* **Data shown**:
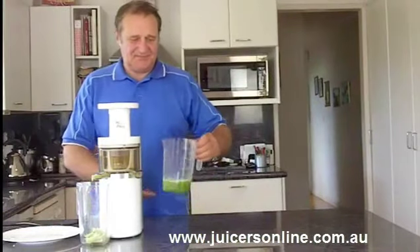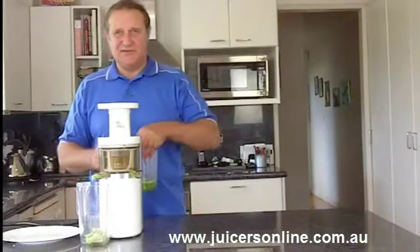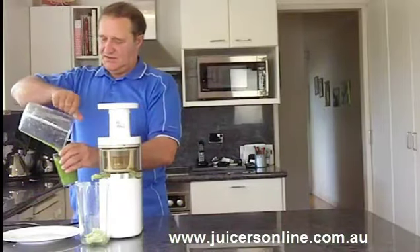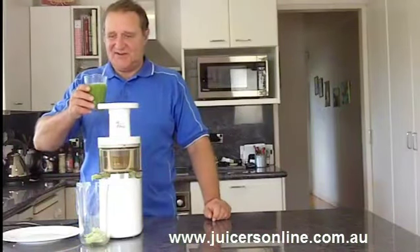Okay, there we go. Just a little over 200ml of juice — not bad from a little bit of celery.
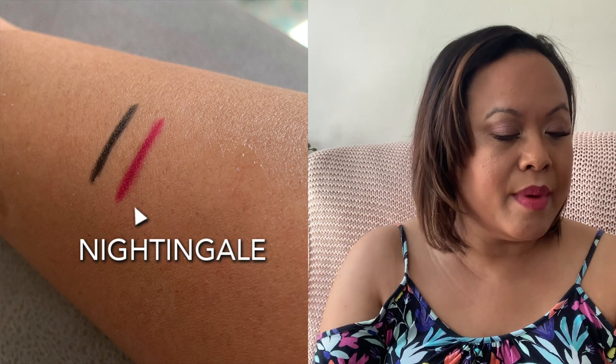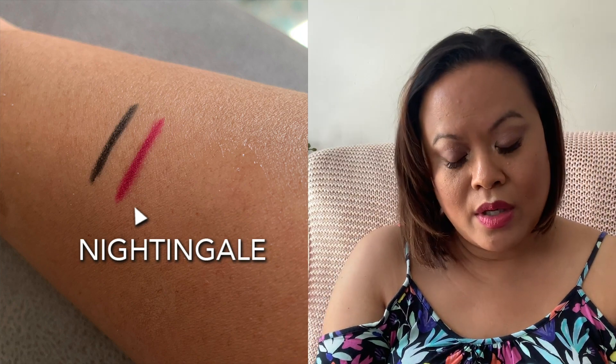I do have lip pencils at home, but I also bought one from the collection in the colour 'Nightingale' for a darker shade, just to give some shape. It's a standard MAC lip pencil that pairs well with the collection.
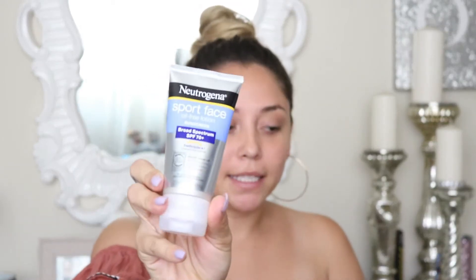So the first thing I always start off with — I talked about this in my May favorites — it's the Neutrogena Sport Face Oil Free Sunblock. I'm gonna apply that all over my face. I honestly go ham with this just because I want to make sure I get in there. You'll be white for a little bit, but nobody wants sunspots. Rub that in, make sure you do your neck, and then whatever you have left over, rub it on your hands.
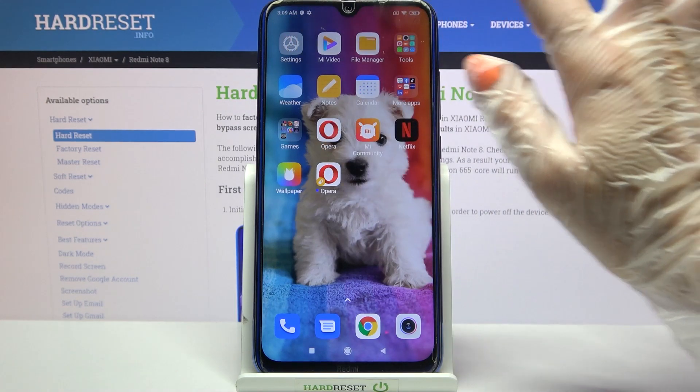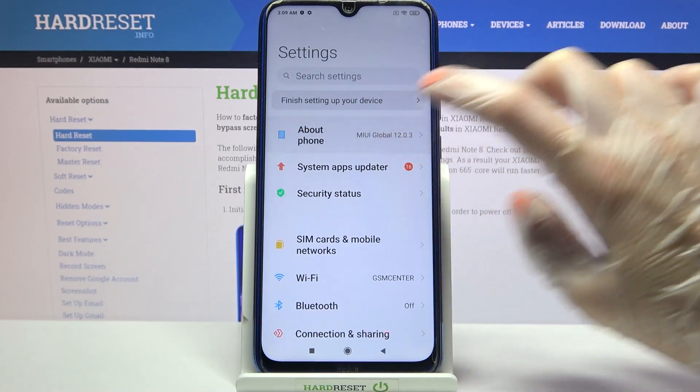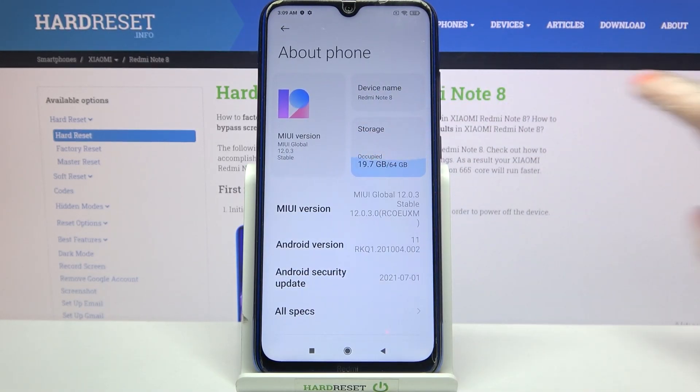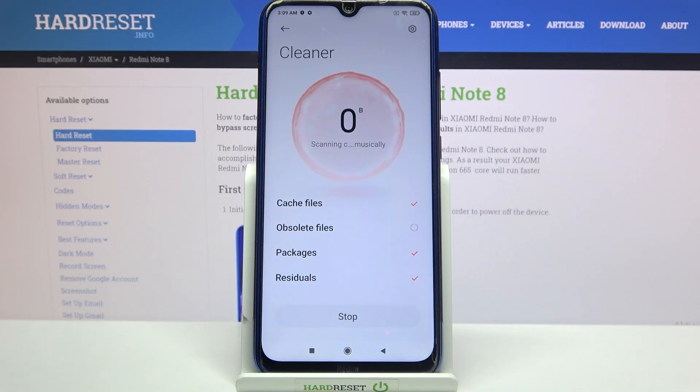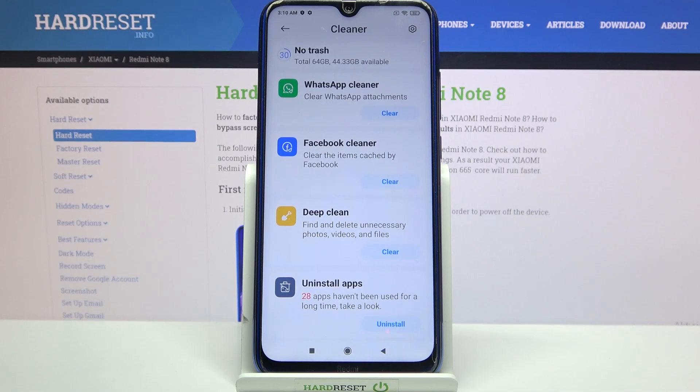Start by accessing Settings. Over here go into About Phone, click on Storage, scroll all the way down and tap on Clear. Then wait a bit. And as you can see, the storage of my device was successfully cleaned.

* **What the exercise asks**:
The whole of the data needs to be copied word for word, though not its pictures.

* **Answer for this exercise**:
Okay, there we go. Just a little over 200ml of juice — not bad from a little bit of celery.
I do have lip pencils at home, but I also bought one from the collection in the colour 'Nightingale' for a darker shade, just to give some shape. It's a standard MAC lip pencil that pairs well with the collection.
So the first thing I always start off with — I talked about this in my May favorites — it's the Neutrogena Sport Face Oil Free Sunblock. I'm gonna apply that all over my face. I honestly go ham with this just because I want to make sure I get in there. You'll be white for a little bit, but nobody wants sunspots. Rub that in, make sure you do your neck, and then whatever you have left over, rub it on your hands.
Start by accessing Settings. Over here go into About Phone, click on Storage, scroll all the way down and tap on Clear. Then wait a bit. And as you can see, the storage of my device was successfully cleaned.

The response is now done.